At a recent meeting with a group of successful restaurant professionals, there were the predictable questions — like, “How do you obtain financing for your nth venture?” — but there was a surprising inquiry from a soft-spoken young chef who asked: “If Obamacare stays in place, will you reduce your staff’s hours so that they are no longer full-time and thus you won’t have to cover them under your health plan?”

As the only business owner from Massachusetts, where a health care law that closely resembles the president’s Affordable Care Act has been in place for the last five years, I shared my experience (and tried to hide my shock). No, we did not reduce hours — nor did we even consider it. If someone strong is working for you, it seems counterintuitive to have them work less, even if it costs you a bit more.

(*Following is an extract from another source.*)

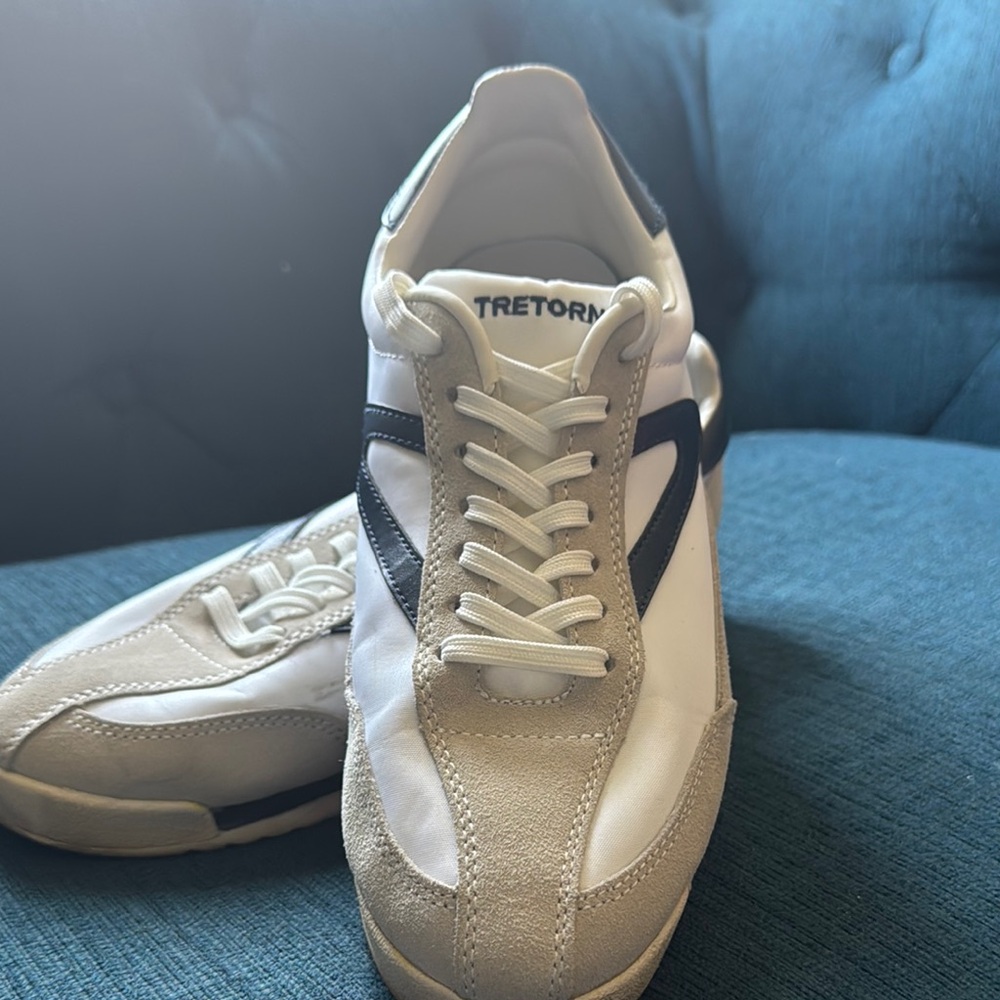 Tretorn Tan and White Sneakers with Retro Style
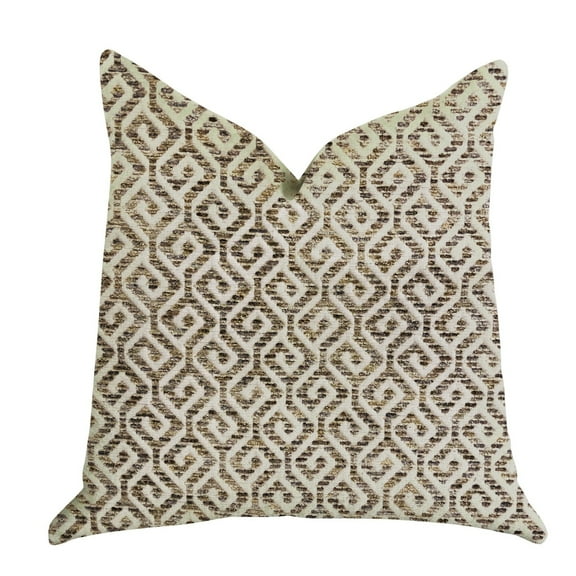 Plutus Omni Truffle Brown Shades Maze Luxury Throw Pillow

My business has absorbed the costs associated with the new health mandate in the same way we absorb rising fuel surcharges or higher prices of flour. They cut into our profit, sure, but when I weigh the cost … [against] knowing that my 24-year-old barista can’t afford coverage because he only makes $10 an hour, I willingly take the cut to my bottom line.

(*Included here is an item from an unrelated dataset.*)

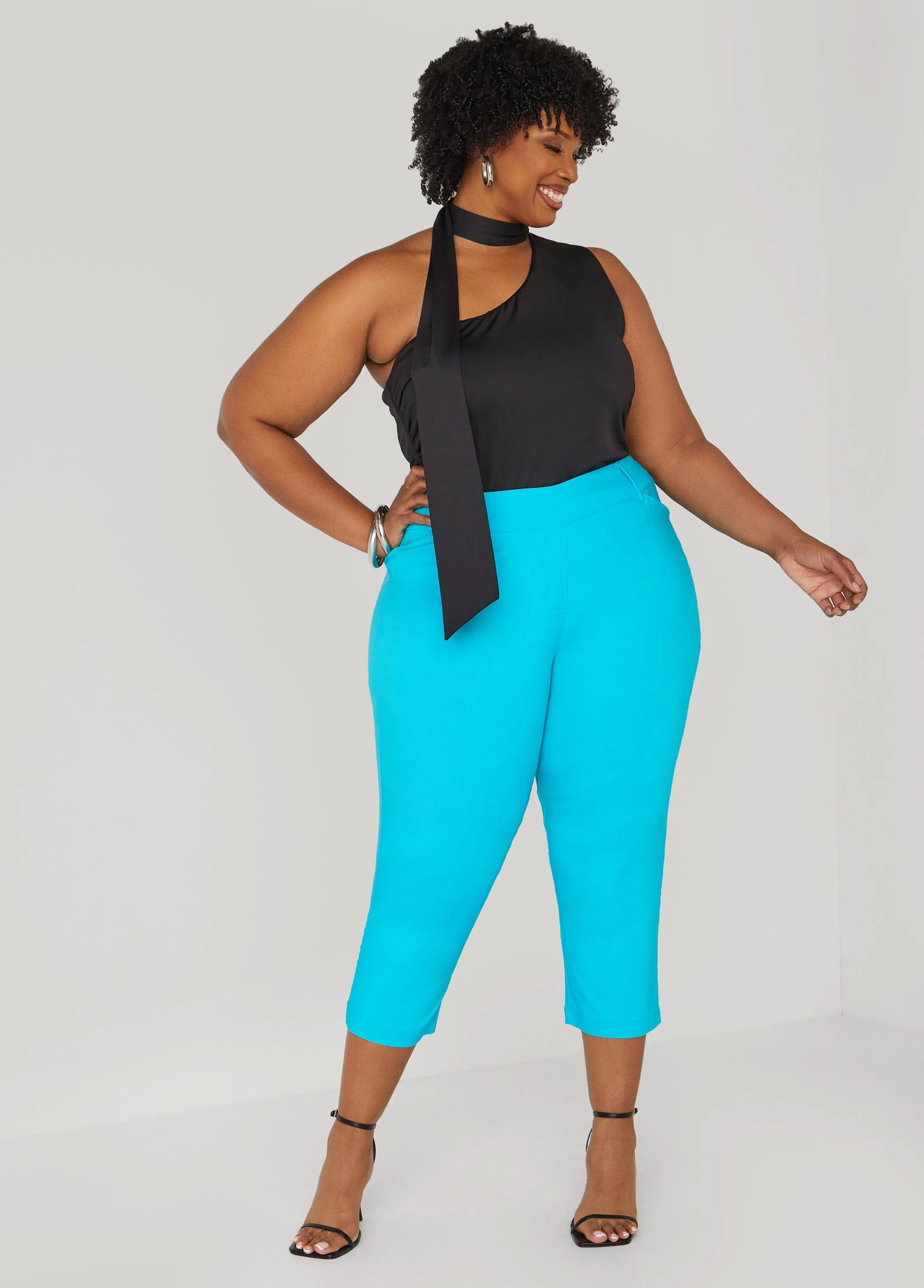One Shoulder Scarf Neck Top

My business has absorbed the costs associated with the new health mandate in the same way we absorb rising fuel surcharges or higher prices of flour. They cut into our profit, sure, but when I weigh the cost of paying staff to cover for chronically sick employees who don’t see a doctor because they don’t have one, or the pressure of knowing that my 24-year-old barista can’t afford coverage because he only makes $10 an hour, I willingly take the cut to my bottom line.

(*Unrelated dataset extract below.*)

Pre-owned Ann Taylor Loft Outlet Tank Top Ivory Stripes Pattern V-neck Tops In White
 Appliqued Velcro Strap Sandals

Most of the country has yet to go through this and there is great concern among restaurant owners about how they would pay (only small businesses that employ over 50 people would be affected). I was dismayed to hear one owner say, “We might have to reduce our staff’s hours to avoid paying this extra burden.” The panelist in question has 170 employees with only about a quarter of them on the company’s health insurance plan. I could see his horror as he mentally calculated his annual costs if he was required to provide insurance for all of his employees.

Naively, perhaps, I couldn’t believe that a thriving business would take those measures to reduce costs. But then a few days later I read that the Darden Restaurant Group (Olive Garden, Red Lobster, Capital Grille, among others) was test-running an almost-identical plan in select markets. They were cutting full-time staff to 30 hours per week in order to avoid paying health benefits.

The reality is that we live in the only major industrialized nation where health care is primarily provided by employers. Whether you believe that this is a good or bad system, a fair or unjust expectation for small business, the fact remains that the average person’s best bet for health insurance is through their employer.

I’ll never forget my surprise when I switched careers and started working in a restaurant after two years as a management consultant, where I took for granted benefits like health insurance and paid vacation. I was given the option of paying full premium for insurance, which I did, and which wiped out half — yes, 50 percent — of my paycheck. At such a hefty cost, they told me, I was one of the only employees to sign up for health coverage.

My staff, mostly young adults recently out of college, believes they are invincible. Most don’t want to spend any part of their hard-earned paycheck on the chance that they might someday get sick. And they most definitely don’t want to if the premiums are half of their wages.

Even if I had no obligation to do so, I would still gladly split their insurance premium with them to make it more palatable — and in recognition of the fact that there isn’t a better option. And of course, having insurance also increases their chances of staying healthy and not calling out sick.

I’ve had to pay more to insure my staff and I accept that. In addition to creating a healthier workforce, it’s important to establish fair expectations from employers. And in the final analysis, I would not consider profit made on the backs of uninsured workers well-earned.

The views and opinions expressed in this piece are solely those of the writer and do not in any way reflect the views of WBUR management or its employees.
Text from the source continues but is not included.